Si continua con una splendida versione di “King Volcano”, accompagnata dal suono di un violino che crea uno spazio senza tempo, mentre il pubblico, vuoi per la dimensione intima del concerto, ascolta in silenzio. La voce del leader dei Bauhaus è pulita, calda, fedele a quella sentita su disco, e sorretta ancor di più dal misterioso carisma che la sua figura ha sempre incarnato.

Non molto tempo dopo, però, avviene qualcosa di strano: Peter Murphy se ne va dal palco.

I musicisti che lo accompagnano lo seguono poi dietro le quinte. Sembra il tipico momento a cui tutti siamo abituati durante un concerto: il gruppo se ne va, aspettando che i fan lo acclamino per tornare a suonare. E in effetti la maggior parte del pubblico pare credere stia andando proprio così. Cominciano gli applausi, qualcuno invoca il nome di Peter Murphy – sempre senza rumoreggiare troppo, vista la natura semi-acustica del concerto a cui ci si era abituati fin lì. Ma alla fine, sul palco, non torna nessuno. Il sipario si chiude. E dalle casse del locale parte la musica di un disco. Nel pubblico ci si guarda l’un l’altro, confusi. Non si riesce a credere che il concerto sia durato così poco – un’ora scarsa – e che Peter Murphy possa essersene davvero andato senza salutare.

Poco a poco comincia lo scambio di ipotesi: che si sia sentito male; che fosse stizzito per la mancata partecipazione del pubblico; che avesse problemi con il fonico. Nessuno sa con certezza che cosa sia accaduto. Fatto sta che dopo il senso di disorientamento, fra molti dei presenti comincia a farsi largo la rabbia. La stessa rabbia che l’indomani verrà riversata sulla pagina Facebook dell’evento.

Qui mi capita di leggere molte opinioni diverse – anche se, va detto, sono pressoché unicamente messaggi di protesta. Le pochissime voci fuori dal coro sono di chi dice che, finché c’è stata musica, si è trattato – non a torto – di un concerto davvero emozionante; e di chi dice che un musicista non è obbligato ad essere “educato” sul palco o ad assecondare le aspettative del pubblico. Nel frattempo il Locomotiv comunica di essere ancora all’oscuro del motivo che ha spinto Peter Murphy a non risalire sul palco per eseguire i bis, e che la sua è stata una scelta dettata semplicemente dal libero arbitrio.

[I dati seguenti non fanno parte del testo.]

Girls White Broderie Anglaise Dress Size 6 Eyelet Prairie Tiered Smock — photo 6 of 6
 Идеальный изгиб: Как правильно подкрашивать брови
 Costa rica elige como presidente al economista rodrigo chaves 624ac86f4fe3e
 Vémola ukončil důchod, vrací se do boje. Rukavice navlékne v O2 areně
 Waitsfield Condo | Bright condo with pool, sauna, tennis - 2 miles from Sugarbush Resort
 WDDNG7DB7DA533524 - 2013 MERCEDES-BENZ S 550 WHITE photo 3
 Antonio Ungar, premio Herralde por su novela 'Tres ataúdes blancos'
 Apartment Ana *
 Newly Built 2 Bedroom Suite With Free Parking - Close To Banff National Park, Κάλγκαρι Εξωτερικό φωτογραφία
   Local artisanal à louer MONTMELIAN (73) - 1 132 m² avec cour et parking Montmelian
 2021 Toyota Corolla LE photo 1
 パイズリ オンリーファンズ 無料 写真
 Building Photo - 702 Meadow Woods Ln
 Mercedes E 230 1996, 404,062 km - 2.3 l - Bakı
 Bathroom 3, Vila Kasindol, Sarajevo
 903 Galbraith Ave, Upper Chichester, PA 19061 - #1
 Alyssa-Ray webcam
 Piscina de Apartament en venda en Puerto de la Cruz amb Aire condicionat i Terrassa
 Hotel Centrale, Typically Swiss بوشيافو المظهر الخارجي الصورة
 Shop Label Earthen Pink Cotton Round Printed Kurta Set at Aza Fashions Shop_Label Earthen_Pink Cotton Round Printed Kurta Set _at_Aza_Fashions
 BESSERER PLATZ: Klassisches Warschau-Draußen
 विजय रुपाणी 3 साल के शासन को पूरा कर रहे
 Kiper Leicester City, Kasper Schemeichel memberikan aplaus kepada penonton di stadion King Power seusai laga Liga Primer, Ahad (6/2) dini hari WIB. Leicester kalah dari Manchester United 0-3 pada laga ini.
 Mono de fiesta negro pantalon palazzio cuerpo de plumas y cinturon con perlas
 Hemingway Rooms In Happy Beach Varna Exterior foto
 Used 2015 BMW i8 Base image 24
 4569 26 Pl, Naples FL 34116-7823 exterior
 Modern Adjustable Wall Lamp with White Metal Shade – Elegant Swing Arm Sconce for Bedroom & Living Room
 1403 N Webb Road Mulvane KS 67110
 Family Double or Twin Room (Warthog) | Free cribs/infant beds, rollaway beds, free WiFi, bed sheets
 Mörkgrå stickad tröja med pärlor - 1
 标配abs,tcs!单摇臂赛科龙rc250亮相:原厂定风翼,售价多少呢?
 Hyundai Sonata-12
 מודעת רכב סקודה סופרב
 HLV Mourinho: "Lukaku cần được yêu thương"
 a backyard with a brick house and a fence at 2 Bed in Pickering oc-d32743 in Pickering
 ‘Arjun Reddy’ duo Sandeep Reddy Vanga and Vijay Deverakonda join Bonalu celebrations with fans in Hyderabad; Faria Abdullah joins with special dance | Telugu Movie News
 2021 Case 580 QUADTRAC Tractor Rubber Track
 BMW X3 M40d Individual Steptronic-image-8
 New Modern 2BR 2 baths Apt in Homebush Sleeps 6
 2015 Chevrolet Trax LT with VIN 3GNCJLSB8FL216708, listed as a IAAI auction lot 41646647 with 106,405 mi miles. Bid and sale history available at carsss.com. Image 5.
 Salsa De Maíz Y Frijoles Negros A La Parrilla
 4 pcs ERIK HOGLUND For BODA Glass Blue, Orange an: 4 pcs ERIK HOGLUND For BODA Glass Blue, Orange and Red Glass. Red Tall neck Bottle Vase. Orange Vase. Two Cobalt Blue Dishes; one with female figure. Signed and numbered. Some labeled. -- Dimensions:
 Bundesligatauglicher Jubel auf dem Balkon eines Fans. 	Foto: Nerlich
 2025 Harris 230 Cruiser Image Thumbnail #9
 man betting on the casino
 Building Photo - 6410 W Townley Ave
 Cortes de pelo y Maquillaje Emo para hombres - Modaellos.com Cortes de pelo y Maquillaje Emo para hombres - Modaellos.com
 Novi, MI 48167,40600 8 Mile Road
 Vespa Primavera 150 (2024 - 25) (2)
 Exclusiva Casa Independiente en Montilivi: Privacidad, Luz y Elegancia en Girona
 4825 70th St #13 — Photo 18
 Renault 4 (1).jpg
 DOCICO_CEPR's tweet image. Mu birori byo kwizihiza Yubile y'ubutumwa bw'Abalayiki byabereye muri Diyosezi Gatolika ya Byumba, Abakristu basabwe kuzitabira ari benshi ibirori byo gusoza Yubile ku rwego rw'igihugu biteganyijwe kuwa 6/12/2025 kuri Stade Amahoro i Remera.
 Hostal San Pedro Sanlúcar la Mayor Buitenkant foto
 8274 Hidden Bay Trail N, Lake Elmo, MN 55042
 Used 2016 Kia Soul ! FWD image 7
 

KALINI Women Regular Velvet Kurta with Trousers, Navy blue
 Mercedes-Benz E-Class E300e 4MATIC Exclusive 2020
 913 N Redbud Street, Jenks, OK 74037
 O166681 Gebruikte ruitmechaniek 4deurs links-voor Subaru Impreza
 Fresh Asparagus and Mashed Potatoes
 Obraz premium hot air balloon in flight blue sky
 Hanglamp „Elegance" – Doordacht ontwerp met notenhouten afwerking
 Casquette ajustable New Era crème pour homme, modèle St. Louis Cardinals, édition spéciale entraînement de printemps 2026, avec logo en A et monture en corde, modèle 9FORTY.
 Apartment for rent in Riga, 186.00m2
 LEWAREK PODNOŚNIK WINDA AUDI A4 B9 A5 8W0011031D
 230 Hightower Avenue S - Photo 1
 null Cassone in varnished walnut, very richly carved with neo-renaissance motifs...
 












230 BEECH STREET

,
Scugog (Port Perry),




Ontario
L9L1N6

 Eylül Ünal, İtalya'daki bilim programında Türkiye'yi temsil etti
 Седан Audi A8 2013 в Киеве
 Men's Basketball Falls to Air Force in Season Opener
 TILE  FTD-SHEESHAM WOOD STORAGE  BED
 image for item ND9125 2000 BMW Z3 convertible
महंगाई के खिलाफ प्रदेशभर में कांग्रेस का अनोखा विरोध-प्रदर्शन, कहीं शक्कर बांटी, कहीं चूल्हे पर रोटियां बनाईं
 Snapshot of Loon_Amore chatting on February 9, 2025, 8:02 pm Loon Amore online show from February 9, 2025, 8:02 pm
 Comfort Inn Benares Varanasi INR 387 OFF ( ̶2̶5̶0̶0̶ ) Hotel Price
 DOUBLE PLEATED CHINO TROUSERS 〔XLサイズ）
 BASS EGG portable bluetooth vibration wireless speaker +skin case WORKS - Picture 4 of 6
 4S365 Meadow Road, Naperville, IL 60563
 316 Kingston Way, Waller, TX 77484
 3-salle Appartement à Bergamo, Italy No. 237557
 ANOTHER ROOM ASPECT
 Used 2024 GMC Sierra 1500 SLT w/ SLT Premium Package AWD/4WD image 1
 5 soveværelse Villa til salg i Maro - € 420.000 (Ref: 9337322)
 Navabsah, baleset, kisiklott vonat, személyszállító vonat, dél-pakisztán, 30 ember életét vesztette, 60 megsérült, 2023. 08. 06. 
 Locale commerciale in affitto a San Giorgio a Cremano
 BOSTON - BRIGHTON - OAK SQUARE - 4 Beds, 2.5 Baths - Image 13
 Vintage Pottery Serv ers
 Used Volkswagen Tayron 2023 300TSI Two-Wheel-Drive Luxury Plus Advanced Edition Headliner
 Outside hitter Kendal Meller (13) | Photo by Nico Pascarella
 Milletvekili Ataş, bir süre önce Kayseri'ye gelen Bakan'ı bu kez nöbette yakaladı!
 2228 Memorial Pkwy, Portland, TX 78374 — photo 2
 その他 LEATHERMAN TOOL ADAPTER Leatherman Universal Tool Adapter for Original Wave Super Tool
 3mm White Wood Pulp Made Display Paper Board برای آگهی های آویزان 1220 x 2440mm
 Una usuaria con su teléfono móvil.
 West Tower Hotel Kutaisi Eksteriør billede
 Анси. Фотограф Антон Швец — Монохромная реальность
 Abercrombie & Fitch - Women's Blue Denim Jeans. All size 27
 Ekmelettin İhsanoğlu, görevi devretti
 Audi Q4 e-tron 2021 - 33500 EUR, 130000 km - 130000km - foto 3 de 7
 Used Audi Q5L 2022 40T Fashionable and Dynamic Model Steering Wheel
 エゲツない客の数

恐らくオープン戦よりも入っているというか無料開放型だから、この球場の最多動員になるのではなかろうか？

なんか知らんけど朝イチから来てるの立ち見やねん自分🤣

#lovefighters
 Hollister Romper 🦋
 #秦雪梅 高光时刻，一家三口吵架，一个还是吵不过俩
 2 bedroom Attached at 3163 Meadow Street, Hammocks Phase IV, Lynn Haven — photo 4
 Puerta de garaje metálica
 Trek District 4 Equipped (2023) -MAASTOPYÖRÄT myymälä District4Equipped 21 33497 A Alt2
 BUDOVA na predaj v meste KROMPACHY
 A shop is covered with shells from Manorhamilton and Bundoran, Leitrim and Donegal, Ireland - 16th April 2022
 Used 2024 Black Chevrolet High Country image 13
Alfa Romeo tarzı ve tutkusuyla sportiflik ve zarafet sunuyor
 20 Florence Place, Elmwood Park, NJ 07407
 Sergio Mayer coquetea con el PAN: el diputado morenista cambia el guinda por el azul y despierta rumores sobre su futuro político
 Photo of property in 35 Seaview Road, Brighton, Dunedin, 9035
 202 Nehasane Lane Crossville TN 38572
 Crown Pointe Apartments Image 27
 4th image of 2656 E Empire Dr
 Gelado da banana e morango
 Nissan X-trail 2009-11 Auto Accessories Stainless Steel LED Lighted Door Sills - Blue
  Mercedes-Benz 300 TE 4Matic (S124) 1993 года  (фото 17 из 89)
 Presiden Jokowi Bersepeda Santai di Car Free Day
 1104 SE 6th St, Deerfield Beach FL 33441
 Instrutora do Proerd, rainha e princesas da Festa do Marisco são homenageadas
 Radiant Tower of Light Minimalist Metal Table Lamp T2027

Ora, sarebbe impossibile in questo spazio ristretto aprire una dibattito a proposito del codice etico che un artista dovrebbe oggettivamente rispettare durante un’esibizione. Per quanto mi riguarda – forse a causa della “vecchiaia” che incombe – mi limito a dire che certi gesti “ribelli” da parte di una rockstar non mi affascinano più da tempo. E mi va di citare una ragazza come tante fra il pubblico, con cui ho discusso poco dopo la fine del concerto: “Se proprio non ti va bene la norma, almeno comunicacelo”.